Intel hasn't ever removed instruction sets in future versions of the same CPU. i.e. a binary that works on an old Intel CPU always works on a newer Intel CPU.
(The one exception to this is first-gen Xeon Phi: Knight's Corner used an incompatible variant of AVX512 called KNI, but later Xeon Phi accelerator cards / computers use AVX512.)
If you must use the same binary on all CPUs, use gcc -march=sandybridge -mtune=haswell
, and make sure your important arrays are aligned by 32 bytes.
Maybe worth benchmarking with gcc -march=sandybridge
(i.e. with tune=sandybridge) as well, to see which works better for your code. -mprefer-avx128
or -mprefer-vector-width=256
might be interesting to try: some loops get messy when gcc auto-vectorizes with 256-bit vectors.
SnB/IvB have inefficient misaligned AVX loads/stores, so tune=sandybridge sets -mavx256-split-unaligned-load
, which sucks a lot if your data is aligned at runtime but the compiler didn't know that. The extra instructions and shuffles aren't helpful on Haswell, so -mtune=haswell
includes -mno-avx256-split-unaligned-load
.
Unfortunately gcc doesn't have a "tune=avx2" option to tune for all CPUs which have AVX2, or an option to tune for the average CPU which supports the instruction sets you enabled. https://gcc.gnu.org/bugzilla/show_bug.cgi?id=80568. Your only choices are tune for a specific CPU, or tune for the generic baseline, or use specific tuning options.
Gcc does has some support for runtime dispatch with ifunc
You have to activate it in the source for specific functions. See https://lwn.net/Articles/691932/ for more about function multi-versioning.

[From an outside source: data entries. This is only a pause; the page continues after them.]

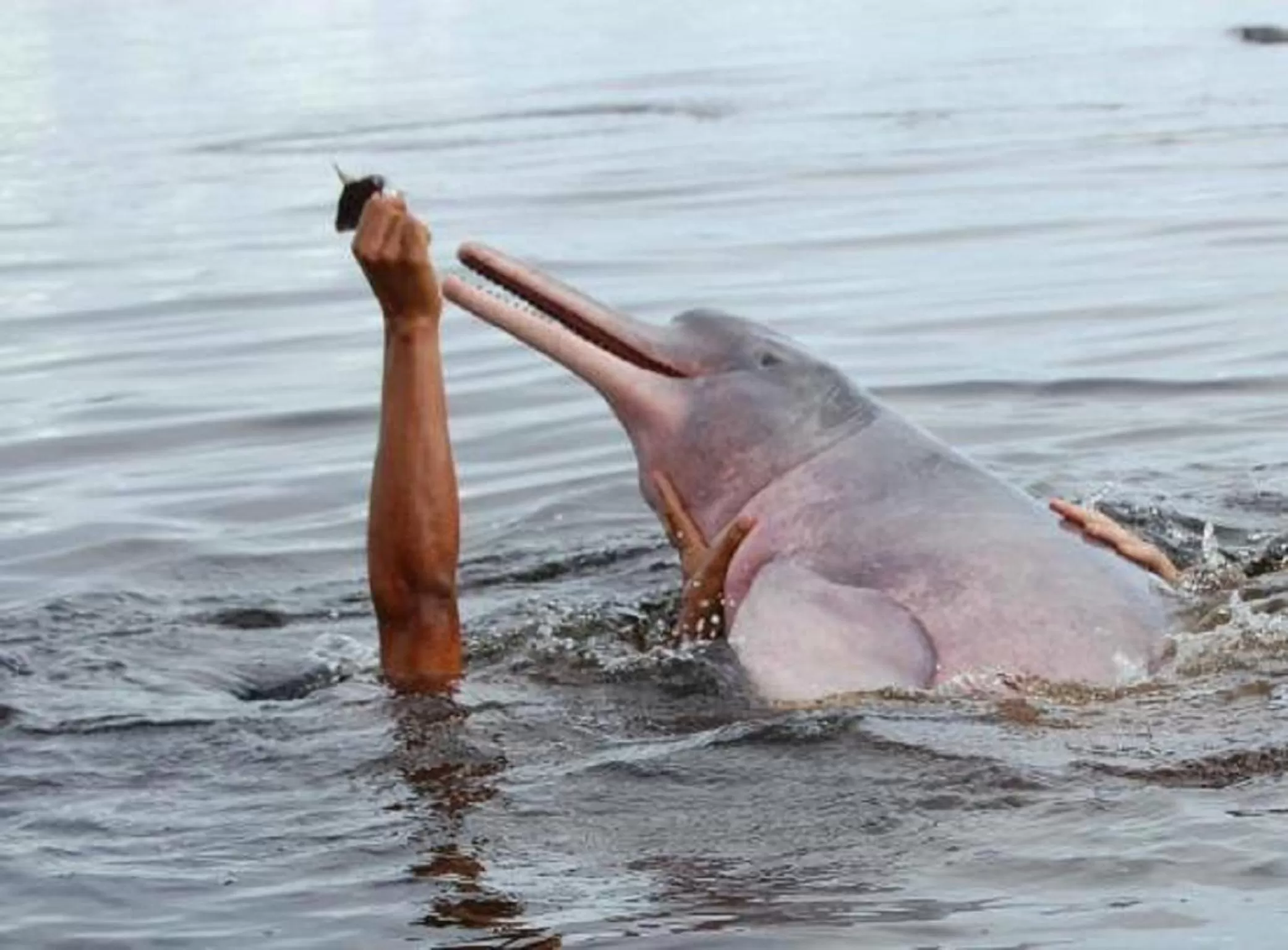 Other, Other Animals in Uiara Amazon Resort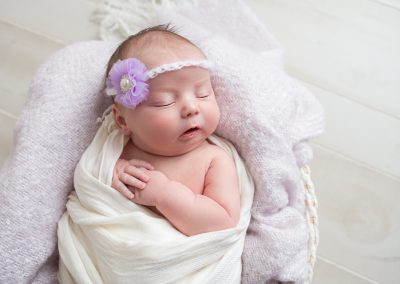 Newborn baby girl in basket with purple and cream accents.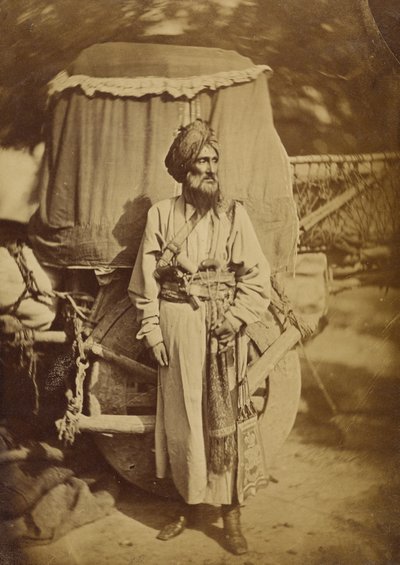  द्वारा फेलिस बीटो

Best option: build separate binaries for SnB / Haswell, and dispatch with a script or $PATH
setting
On each cluster node, create a /etc/host-type
or whatever, which has sandybridge
or haswell
or whatever. Any per-node filesystem is fine, or re-detect it at run time with gcc
or something cheaper. In your job script:
#!/bin/sh
bin_dir="./bin-$(</etc/node-type)"
exec "$bin_dir/my_prog" "$@"
Create symlinks as necessary to make bin-skylake
and bin-broadwell
use the Haswell binaries.
Haswell introduced AVX2 and FMA, and BMI1/2. If you're number-crunching, you really want FMA. BDW/SKL didn't introduce any significant ISA extensions that compilers can use to make your code run faster. Tuning for BDW/SKL is not different either.
If you have any Skylake-avx512 CPUs, that's different.